Defense date: 27-01-2026
Business process management systems increasingly demand intelligent decision-making capabilities to optimize operational performance under uncertainty and in real time. Traditional approaches to decision-making in these systems rely on static rules or optimization models, which often lack flexibility and scalability. This thesis addresses these limitations by introducing a unified framework for automated decision-making in business process management systems, leveraging Deep Reinforcement Learning (DRL) and process-centric modeling techniques. The first contribution of this work is the Action-Evolution Petri Net (A-E PN) formalism, which integrates decision-making logic into business process models. This formalism enables the representation of dynamic assignment problems in a standardized and executable way, allowing DRL algorithms to be trained without additional implementation effort.

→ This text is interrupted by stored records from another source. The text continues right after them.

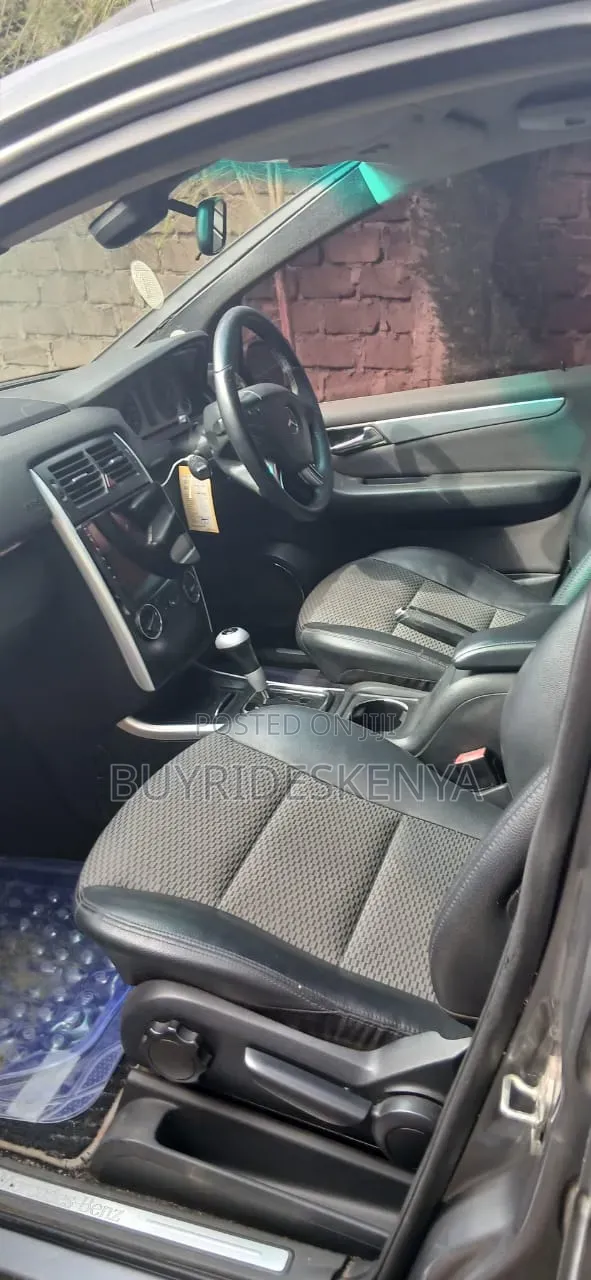 Mercedes-Benz B-Class 2008 Gray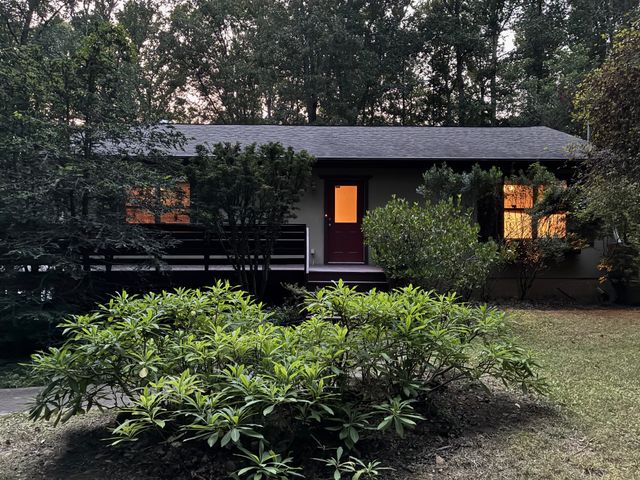 1073 Crane Ct, Kingston Springs, TN 37082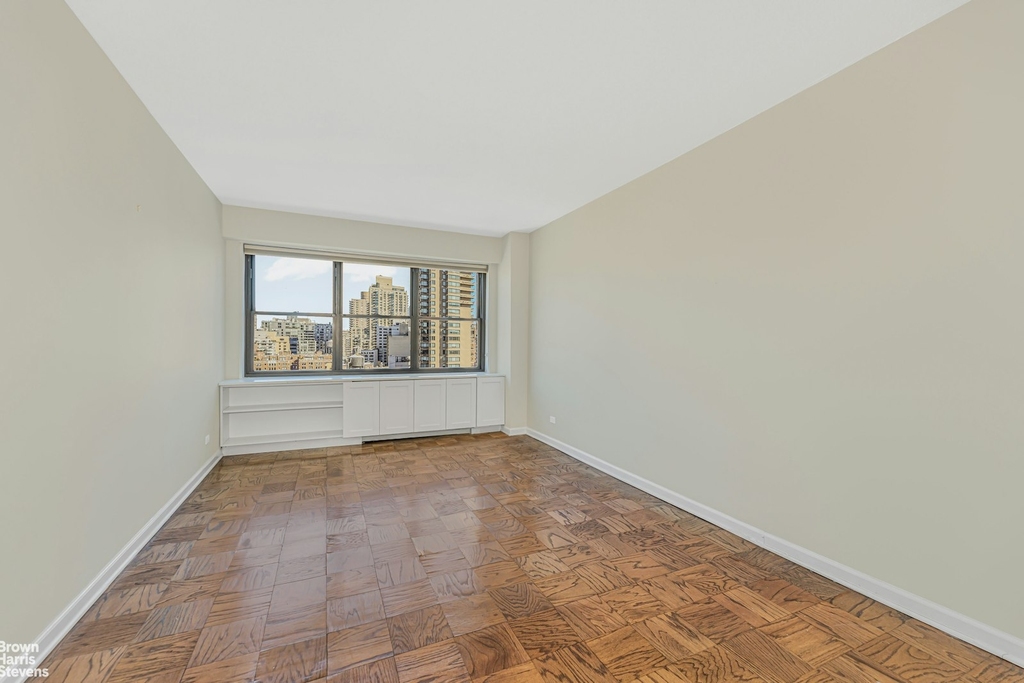 178 E 80th St - Photo 7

The second contribution is a graph-based feature representation method, which overcomes the limitations of traditional vector-based representations in handling large or unbounded state spaces. This approach uses Graph Neural Networks (GNNs) to learn scalable and generalizable policies for complex decision-making problems. The proposed framework is implemented in GymPN, a Python library that supports modeling, training, and evaluation of DRL-based decision-making policies. GymPN extends the A-E PN formalism to handle partial observability and multiple decision points, making it suitable for modeling and solving complex optimization problems. Finally, the thesis explores the application of DRL to large-scale, stochastic environments through a specialized decision support system for a variant of the Dynamic Task Assignment Problem (DTAP) that is common in process management systems. Experimental results show that the proposed methods match or exceed the performance of the best alternative in multiple simulations parameterized on real-world event logs. Overall, this thesis advances the state of the art in automated decision-making for business process management systems by providing a unified and executable modeling framework for decision-making problems, scalable and generalizable DRL-based solving methods, and concrete tools for integrating AI-driven decision-making into process-aware information systems.